Vanderbilt brain scientist Kari Hoffman wins $3.8M grant to test assumptions about learning and memory

Kari Hoffman, associate professor of psychology and biomedical engineering, has received a National Institutes of Health BRAIN Initiative grant to measure how the brain records and manages what we learn from different experiences over time, and to adapt an existing computational model of memory for the primate brain. The five-year grant from the National Institutes of Neurological Disorders and Stroke totals more than $3.8 million.

Kari Hoffman

People experience learning in complex scenarios and the real world, where they have the benefit—or complication—of considering location, nearby companions and objects, immediate goals and memories of past situations. What they learn, and which brain circuits are responsible, may depend on the interplay of these factors in the moment and also later. 

The set of interconnected brain regions that give rise to memory for past events is fairly well identified, but how neurons in these regions give rise to memories is far less clear, Hoffman said. A traditional learning theory called Complementary Learning Systems says that specific areas of the brain contribute to memories differently depending on the age of the memory. CLS relies heavily on assumptions about brain circuits in nonprimate subjects, where flexible learning and the accompanying expanded brain circuitry were not considered. 

Hoffman and her collaborators developed an augmented reality environment to study how learning adapts over time and in different situations. They will track and manipulate changes in responses of neural ensembles—groups of neurons firing together—across the brain during learning and sleep in primate subjects. The measured brain behavior will be compared to what a formal computational model of memory predicts.  

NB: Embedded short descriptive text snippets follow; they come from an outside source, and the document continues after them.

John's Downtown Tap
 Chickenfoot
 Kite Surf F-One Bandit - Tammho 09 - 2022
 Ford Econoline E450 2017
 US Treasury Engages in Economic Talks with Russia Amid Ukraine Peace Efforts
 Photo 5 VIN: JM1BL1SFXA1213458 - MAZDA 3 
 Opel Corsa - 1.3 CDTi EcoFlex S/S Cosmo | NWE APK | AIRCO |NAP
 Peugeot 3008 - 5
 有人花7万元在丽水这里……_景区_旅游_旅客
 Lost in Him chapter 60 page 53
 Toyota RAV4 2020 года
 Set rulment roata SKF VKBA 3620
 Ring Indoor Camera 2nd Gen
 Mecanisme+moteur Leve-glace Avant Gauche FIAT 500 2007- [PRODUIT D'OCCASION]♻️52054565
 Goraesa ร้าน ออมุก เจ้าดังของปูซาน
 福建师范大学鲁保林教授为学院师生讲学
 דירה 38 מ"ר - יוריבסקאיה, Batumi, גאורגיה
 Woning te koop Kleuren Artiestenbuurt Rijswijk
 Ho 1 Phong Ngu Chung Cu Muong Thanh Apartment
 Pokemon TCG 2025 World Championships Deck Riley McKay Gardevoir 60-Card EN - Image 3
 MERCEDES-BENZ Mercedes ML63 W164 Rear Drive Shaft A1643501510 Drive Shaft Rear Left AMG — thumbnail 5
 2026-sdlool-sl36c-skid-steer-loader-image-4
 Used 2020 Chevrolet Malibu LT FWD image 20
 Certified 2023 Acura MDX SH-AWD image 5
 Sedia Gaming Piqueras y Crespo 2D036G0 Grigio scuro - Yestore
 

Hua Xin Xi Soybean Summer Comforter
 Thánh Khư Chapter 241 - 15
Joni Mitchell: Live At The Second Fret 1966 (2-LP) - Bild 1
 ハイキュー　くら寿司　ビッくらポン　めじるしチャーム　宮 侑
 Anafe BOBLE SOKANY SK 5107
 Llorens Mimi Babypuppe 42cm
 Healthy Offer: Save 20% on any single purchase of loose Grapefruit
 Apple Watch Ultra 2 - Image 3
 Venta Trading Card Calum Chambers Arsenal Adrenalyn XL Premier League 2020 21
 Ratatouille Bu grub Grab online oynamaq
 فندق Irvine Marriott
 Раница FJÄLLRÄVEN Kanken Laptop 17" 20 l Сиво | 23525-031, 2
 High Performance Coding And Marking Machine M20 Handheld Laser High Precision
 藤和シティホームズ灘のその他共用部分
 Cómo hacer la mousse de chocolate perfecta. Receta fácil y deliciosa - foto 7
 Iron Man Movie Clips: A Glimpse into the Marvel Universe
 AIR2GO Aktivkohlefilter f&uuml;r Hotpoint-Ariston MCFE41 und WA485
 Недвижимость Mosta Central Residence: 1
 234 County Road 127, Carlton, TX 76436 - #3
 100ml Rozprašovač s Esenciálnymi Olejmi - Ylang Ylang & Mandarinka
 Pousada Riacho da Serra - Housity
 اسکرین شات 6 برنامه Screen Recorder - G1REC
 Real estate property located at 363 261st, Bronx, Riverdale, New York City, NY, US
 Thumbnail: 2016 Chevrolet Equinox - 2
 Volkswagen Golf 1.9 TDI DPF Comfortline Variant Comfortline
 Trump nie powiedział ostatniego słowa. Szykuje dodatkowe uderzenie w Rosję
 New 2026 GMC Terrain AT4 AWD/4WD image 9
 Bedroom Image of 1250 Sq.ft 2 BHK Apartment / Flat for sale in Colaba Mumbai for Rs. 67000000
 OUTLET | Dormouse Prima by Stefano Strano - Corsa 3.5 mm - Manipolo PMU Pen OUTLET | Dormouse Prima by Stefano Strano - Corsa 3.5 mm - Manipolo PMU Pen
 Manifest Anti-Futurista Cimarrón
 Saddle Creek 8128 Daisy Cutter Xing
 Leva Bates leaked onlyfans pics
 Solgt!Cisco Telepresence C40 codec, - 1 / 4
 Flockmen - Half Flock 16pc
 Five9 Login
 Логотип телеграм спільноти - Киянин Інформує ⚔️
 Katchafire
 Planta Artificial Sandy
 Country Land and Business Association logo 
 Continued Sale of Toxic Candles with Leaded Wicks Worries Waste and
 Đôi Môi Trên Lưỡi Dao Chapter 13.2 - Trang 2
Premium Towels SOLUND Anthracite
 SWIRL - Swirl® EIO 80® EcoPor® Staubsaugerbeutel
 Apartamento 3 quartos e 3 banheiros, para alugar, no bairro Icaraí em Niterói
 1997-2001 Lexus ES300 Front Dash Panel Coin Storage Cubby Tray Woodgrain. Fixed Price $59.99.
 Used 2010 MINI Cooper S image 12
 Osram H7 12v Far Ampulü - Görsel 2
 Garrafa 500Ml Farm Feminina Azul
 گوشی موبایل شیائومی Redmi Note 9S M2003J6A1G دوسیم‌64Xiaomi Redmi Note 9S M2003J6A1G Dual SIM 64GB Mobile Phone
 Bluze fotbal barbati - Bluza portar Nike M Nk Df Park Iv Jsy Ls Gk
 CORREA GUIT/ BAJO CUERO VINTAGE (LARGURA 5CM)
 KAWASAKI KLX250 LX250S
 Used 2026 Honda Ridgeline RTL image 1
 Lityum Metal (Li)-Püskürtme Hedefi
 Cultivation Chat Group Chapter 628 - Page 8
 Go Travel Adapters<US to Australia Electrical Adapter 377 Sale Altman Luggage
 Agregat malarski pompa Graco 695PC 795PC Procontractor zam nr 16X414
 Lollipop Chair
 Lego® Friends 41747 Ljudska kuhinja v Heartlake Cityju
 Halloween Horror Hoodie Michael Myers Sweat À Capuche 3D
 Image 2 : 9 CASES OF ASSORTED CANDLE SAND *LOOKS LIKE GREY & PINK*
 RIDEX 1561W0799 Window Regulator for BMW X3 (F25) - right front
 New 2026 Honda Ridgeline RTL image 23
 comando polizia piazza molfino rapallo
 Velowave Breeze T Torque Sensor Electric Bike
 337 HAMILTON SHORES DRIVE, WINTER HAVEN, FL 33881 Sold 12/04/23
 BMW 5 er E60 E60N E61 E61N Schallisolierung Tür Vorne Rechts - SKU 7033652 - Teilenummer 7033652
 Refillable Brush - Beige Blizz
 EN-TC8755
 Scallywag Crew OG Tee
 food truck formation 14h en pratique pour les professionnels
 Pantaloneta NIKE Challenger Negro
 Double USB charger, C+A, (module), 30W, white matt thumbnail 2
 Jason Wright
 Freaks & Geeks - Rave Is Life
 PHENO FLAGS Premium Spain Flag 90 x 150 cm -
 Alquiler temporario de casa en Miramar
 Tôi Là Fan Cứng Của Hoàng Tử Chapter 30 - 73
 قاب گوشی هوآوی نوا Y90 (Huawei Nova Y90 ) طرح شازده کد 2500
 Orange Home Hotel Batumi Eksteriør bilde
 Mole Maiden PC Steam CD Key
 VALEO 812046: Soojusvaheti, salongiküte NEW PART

“More generally, because these brain regions are known to differ in their susceptibility to healthy aging, neurodegenerative disease, brain trauma and the most common type of seizures, a clearer understanding of their independent contributions to naturalistic memories offers an important step for future interventions.” — Kari Hoffman

Once the computational model is updated to reflect the primate brain, developed by Anna Schapiro, assistant professor of psychology at University of Pennsylvania, Hoffman’s team will address assumptions in the CLS theory by using new technologies to measure and compare the brain’s fine circuit behavior. “We will use high-density, multi-site recordings of microcircuits in the hippocampus and connected neocortical areas to test two major aspects of memory theory in need of resolution,” Hoffman said. The researchers are the first to test the prediction that differences in how events are learned will lead to distinct streams of information flow—going through or skirting the hippocampus.  

“It will determine whether memories get reallocated to different brain regions over time, or whether certain brain structures are always responsible for particular aspects of memories,” said Hoffman, who also is a faculty affiliate at the Vanderbilt Brain Institute. “More generally, because these brain regions are known to differ in their susceptibility to healthy aging, neurodegenerative disease, brain trauma and the most common type of seizures, a clearer understanding of their independent contributions to naturalistic memories offers an important step for future interventions.” 

Hoffman and her collaborators will also explore whether specific brain regions play a role in memory retrieval as a function of either the age of the memory or of the specific nature of the task being performed. “We will use closed-loop stimulation to explore the necessity of each region during recall and the role of coordinated activity between hippocampus and neocortex for recall across memory age and type,” Hoffman said. “From these experiments, we will disambiguate several competing theories of the division of labor across nodes in the memory network, testing our neural-circuit findings against our expanded computational model.”